Nothing but the lines from the one containing "Natural Language Processing" through the last line of the records belongs in the answer, copied exactly and with the pictures left out.

Records from a dataset
────────────────────

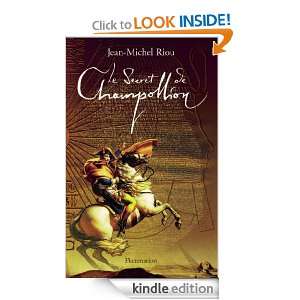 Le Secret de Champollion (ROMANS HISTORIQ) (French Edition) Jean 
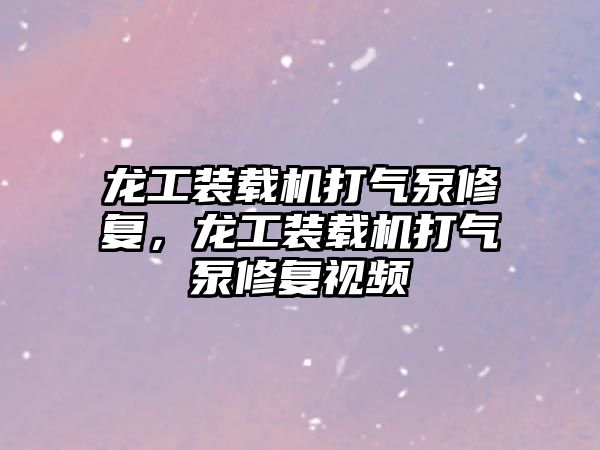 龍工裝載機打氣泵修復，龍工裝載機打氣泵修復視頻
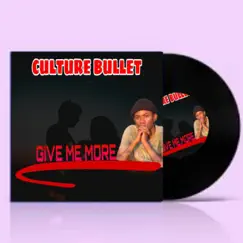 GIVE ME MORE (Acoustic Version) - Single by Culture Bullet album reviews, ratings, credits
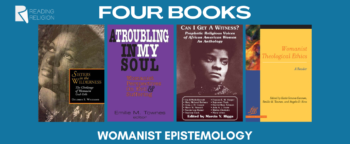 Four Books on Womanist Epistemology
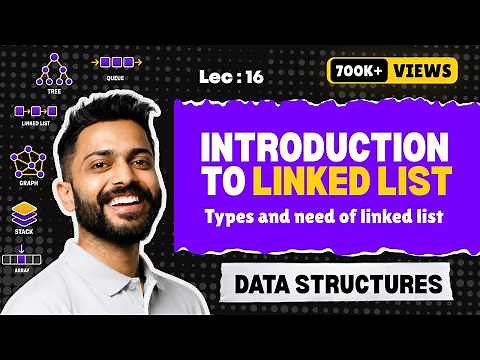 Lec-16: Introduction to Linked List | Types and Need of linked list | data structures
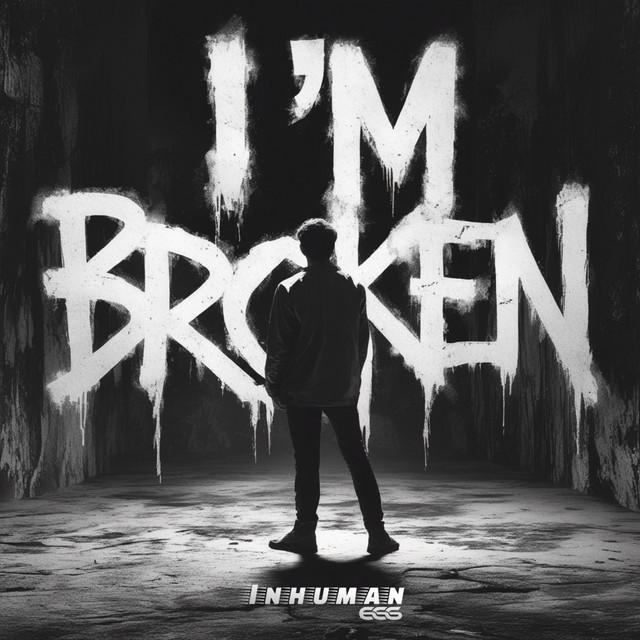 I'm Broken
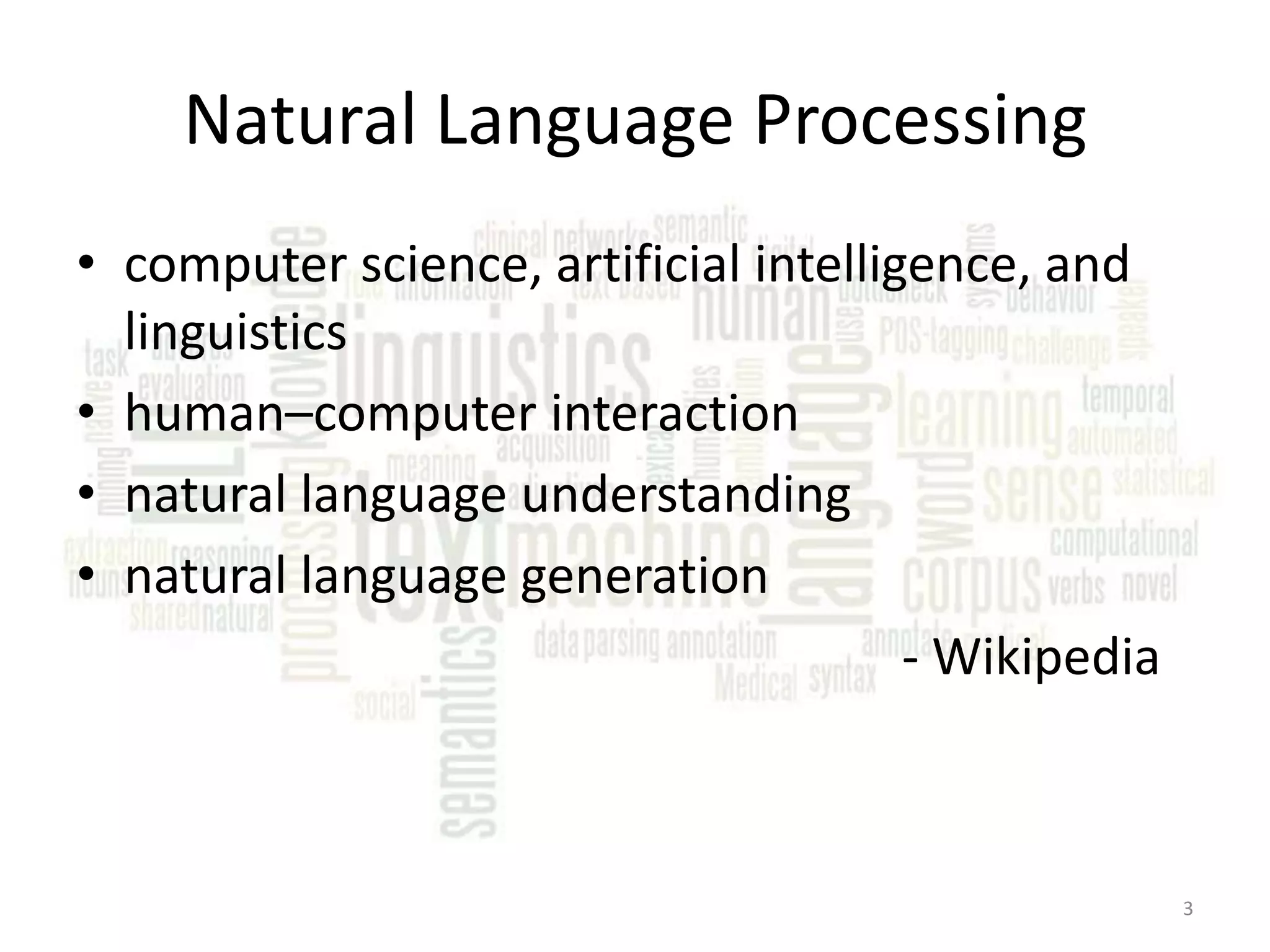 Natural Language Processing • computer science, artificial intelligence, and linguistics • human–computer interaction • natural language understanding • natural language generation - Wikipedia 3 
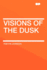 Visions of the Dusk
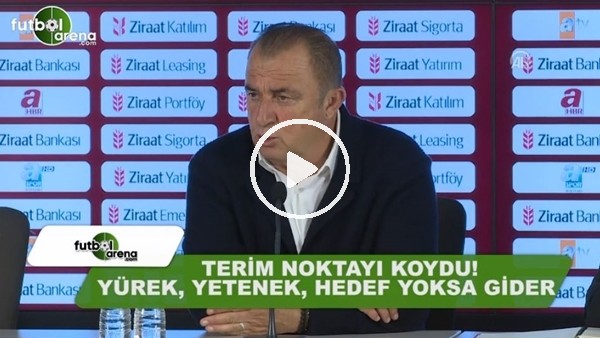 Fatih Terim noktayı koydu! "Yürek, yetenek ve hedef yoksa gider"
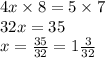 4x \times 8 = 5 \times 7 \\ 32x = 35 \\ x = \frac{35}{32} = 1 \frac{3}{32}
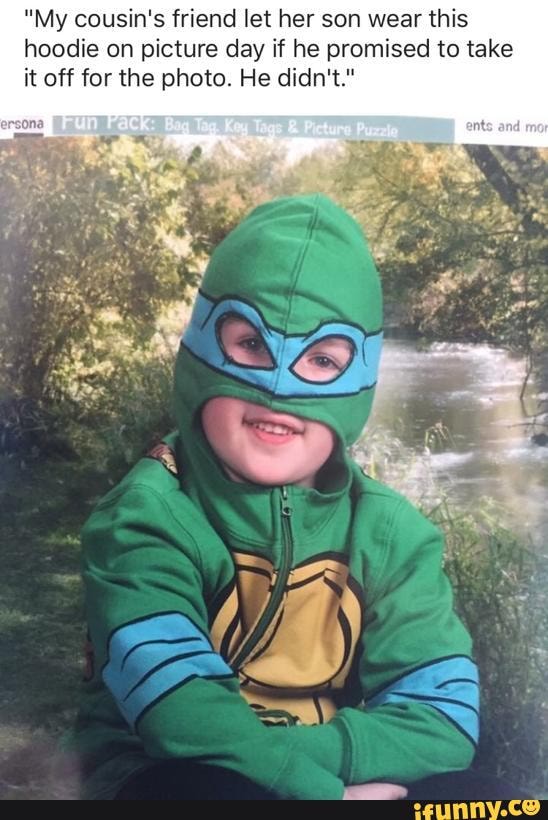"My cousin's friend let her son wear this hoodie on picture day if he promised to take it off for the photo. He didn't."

────────────────────

### EXPECTED OUTPUT
 Natural Language Processing • computer science, artificial intelligence, and linguistics • human–computer interaction • natural language understanding • natural language generation - Wikipedia 3 
 Visions of the Dusk
 Fatih Terim noktayı koydu! "Yürek, yetenek ve hedef yoksa gider"
 4x \times 8 = 5 \times 7 \\ 32x = 35 \\ x = \frac{35}{32} = 1 \frac{3}{32}
"My cousin's friend let her son wear this hoodie on picture day if he promised to take it off for the photo. He didn't."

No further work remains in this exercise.